Mover of the Week
Who else could it be but the newly crowned #1 Roger Federer? Although to describe the Swiss star as ‘newly crowned’ might be a slight overstatement considering he has already logged 310 weeks at the top of the world rankings, more than any other player. This is also the third time this season he has ascended to the top of the rankings, doing so first after winning Rotterdam until he lost in the second round in Miami, and then again for a week after Nadal’s quarterfinal loss in Madrid.
He did it for the third time by claiming the title in Stuttgart, his first at the event and 98th overall. It marked a significant improvement on his performance in Baden-Wurttemberg last year when he lost first-time out against Tommy Haas despite holding match point. It looked like he might be facing a similarly early exit when he dropped the first set in his first match this year against Mischa Zverev, who he once beat 6-0 6-0, but Federer turned the match around to win 3-6 6-4 6-2.
That seemed to inspire Federer somewhat, although his path to the final barely got smoother, with his 6-4 6-4 victory in the quarterfinals over clay courter Guido Pella not entirely convincing. He was again taken the distance in the last four, where the talented but inconsistent Australian Nick Kyrgios threatened the upset before eventually falling 7-6 2-6 6-7. That victory was enough to return Federer to the top of the rankings, but he capped his week off with a title by beating Milos Raonic 6-4 7-6.
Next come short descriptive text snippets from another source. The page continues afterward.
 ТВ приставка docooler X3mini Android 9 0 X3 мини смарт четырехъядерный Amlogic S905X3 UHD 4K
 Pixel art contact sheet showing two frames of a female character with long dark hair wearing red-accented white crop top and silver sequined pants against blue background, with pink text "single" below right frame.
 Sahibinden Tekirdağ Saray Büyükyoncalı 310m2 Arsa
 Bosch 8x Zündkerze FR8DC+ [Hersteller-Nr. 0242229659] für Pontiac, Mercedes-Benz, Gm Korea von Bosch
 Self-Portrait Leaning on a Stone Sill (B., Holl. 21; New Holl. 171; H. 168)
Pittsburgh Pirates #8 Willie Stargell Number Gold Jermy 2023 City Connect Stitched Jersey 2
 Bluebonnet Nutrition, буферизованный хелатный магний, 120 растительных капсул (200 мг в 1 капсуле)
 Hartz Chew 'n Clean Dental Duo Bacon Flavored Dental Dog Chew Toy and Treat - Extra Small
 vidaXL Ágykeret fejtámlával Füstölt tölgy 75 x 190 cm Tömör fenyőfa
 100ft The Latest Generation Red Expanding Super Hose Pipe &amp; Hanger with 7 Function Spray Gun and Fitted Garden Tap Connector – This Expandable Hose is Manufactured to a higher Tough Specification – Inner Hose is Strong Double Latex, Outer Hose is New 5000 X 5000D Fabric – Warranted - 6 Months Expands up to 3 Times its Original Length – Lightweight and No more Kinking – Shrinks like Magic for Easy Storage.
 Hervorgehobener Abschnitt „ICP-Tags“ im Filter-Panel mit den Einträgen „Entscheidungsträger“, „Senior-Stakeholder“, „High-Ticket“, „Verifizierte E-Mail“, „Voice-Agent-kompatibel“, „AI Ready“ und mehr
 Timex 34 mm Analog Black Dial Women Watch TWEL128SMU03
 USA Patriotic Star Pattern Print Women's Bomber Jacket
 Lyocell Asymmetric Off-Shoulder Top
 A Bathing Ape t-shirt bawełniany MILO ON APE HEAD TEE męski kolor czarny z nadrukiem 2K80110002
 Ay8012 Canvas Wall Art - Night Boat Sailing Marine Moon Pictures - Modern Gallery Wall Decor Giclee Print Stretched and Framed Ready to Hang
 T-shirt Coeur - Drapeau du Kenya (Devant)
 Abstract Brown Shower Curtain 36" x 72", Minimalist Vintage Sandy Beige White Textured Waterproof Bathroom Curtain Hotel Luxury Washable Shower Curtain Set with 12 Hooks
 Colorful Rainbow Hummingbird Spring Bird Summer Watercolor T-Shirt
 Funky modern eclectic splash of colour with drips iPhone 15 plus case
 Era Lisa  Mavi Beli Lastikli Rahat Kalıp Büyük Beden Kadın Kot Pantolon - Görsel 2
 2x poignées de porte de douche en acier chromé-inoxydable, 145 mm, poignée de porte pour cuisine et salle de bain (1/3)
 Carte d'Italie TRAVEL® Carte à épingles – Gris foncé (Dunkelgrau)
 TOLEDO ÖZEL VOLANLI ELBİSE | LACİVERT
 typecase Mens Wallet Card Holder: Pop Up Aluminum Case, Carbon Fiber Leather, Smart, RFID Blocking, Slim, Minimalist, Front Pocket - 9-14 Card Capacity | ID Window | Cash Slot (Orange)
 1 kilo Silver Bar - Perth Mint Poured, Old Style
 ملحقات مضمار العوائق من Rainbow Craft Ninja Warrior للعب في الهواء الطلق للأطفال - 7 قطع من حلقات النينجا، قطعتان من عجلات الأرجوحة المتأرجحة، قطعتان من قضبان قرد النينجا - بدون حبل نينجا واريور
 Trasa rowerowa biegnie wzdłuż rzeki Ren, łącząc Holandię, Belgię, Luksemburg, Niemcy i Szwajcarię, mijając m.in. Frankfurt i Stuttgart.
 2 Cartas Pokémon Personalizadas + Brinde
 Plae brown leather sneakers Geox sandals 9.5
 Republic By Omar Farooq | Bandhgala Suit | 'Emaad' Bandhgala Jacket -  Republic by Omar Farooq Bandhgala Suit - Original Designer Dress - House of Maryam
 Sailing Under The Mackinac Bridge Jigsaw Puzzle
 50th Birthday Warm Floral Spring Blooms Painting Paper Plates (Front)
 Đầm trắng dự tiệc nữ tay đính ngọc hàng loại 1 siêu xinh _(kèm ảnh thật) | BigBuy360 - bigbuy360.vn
Whether he can stay atop the mountain is another matter entirely, and it certainly won’t be easy for the great man with Nadal just 150 points behind. An early exit for Federer in Halle, where he won the title last year, would likely be sufficient for Nadal to once again reclaim the top spot just a week after he lost it. Fortunately for Federer, it remains in his hands this week with Nadal having withdrawn from Queen’s. But at Wimbledon, where Nadal lost fourth round last year, it won’t be.
Loser of the Week
Last year was surely a dream for Gilles Muller, with the veteran ending the year at a career-best 25th in the world and reaching the Wimbledon quarterfinals for the first time in his career, upsetting Nadal along the way. Unfortunately, this year has not gone quite so smoothly for the 34-year-old who has won just seven matches this year and none of his past four. That poor run of form precipitated a slide down the rankings that has worsened for him of late.
The reason was that he failed to defend the title he won last year at the Rosmalen Grass Court Championships in Holland. In fact, not only did he fail to defend the title, he lost in his first match to Matthew Ebden in the round of 16. As a result, his ranking fell by 14 places to outside the top 40 at #46. With quarterfinal points to defend at Wimbledon and without the protection of a seeding, a further fall in the rankings might be on the horizon for Muller.
It was an excellent week in Rosmalen for Richard Gasquet, however, with the Frenchman picking up a 15th Tour-level title by defeating Jeremy Chardy in the final. It was also his first tournament victory since winning in Antwerp at the back-end of the 2016 season and will surely give Gasquet a real lift ahead of Wimbledon where he has twice been a semifinalist. It would be unrealistic to expect a repeat of that, but Gasquet’s ranking, at #25, is five places higher than it was and he can’t be feeling too bad.
He has had his fair share of injury problems, but it was a fine week for Matthew Ebden who has gotten his ranking moving in the right direction again, and fast. In fact, the 30-year-old is now at a career-high of world #60 after reaching the last four in Rosmalen. Jeremy Chardy, the man who beat him in that semifinal, improved his ranking by 11 places to sit just one spot behind Ebden at 61st in the world, a substantial improvement for a man ranked #100 as recently as March.